The Covid-19 pandemic, followed by a nationwide lockdown, resulted in mass layoffs and wage cuts that left employees helpless. An unexpected turn of events has exacerbated the plight of the people, especially those who do not have a well-prepared financial plan to incorporate such a crisis. Here we bring you some options to help you sail through these adverse times.

People facing job loss –

Fixed Income Investments – Debt securities, fixed income investments in recurring deposits, or time deposits that have no major financial objective may be redeemed. Because the returns generated by such fixed income investments are generally lower than the long-term returns. However, repaying recurring deposits before they are due could incur a prepayment penalty and also the risk of capital erosion.

EPF body – To provide some relief and support to workers facing lower income, the government has allowed EPF subscribers to redeem their grant or 75 percent of their EPF credit for up to three months. The EPF subscription is only recommended, however, if existing fixed-income investments are insufficient to rule out disruptions to earnings. This is because leaving the EPF can affect security after retirement.

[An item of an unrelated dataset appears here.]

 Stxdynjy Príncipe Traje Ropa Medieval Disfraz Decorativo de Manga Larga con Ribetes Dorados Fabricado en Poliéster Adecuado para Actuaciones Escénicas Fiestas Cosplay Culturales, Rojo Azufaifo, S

Convert credit card fees into EMIs – Those with credit cards who are unable to repay their fees can convert their outstanding amounts into EMIs. Compared to funding fees for unpaid credit card bills, the interest rate on such EMI conversions is much lower. The repayment of EMI conversions is up to 5 years, so that cardholders can repay the total amount in small tranches depending on their financial capacity.

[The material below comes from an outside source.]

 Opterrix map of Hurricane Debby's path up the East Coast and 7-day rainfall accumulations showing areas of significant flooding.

Relief measures as part of the RBI resolution framework – As a relief measure for existing borrowers affected by the Covid-19 pandemic, the RBI has introduced some guidelines. Individual borrowers who did not take advantage of the loan restructuring programs announced last year were allowed to perform a one-time loan restructuring prior to September 30 this year. This scheme can be used by people whose credit accounts were classified as “Standard” on March 31, 2021. 25 million.

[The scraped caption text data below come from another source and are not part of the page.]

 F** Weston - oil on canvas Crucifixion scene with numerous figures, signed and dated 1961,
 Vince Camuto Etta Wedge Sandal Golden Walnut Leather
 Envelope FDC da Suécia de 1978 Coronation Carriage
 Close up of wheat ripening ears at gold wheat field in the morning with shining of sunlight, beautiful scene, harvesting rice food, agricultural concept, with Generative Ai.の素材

Emergency Fund – The aim of an emergency fund is to cover important expenses incurred as a result of job loss or other reasons, including illness. This fund should be able to cover the important or unavoidable expenses for at least 6 months. People who do not have an emergency fund should prioritize building a fund for future needs. This fund should be invested in high yield savings accounts so that instant payouts are easy.

Loans – When approving loans, lenders take into account the repayment ability and job description of the applicant. Due to the rampant pandemic, banks and NBFCs have become very picky about lending. Hence, people working in industries adversely affected by COVID-19 will face major challenges. One can consider gold loans, real estate loans, and securities loans to eliminate financial bottlenecks. In comparison, lenders are more convenient in obtaining this type of loan.

Adequate health insurance coverage – The COVID-19 pandemic has made the need for adequate health insurance coverage clear. Immediate hospitalization can end a person’s lifelong savings, making it difficult to meet future expenses. People covered by employer-provided group health insurance should also take out other health insurance.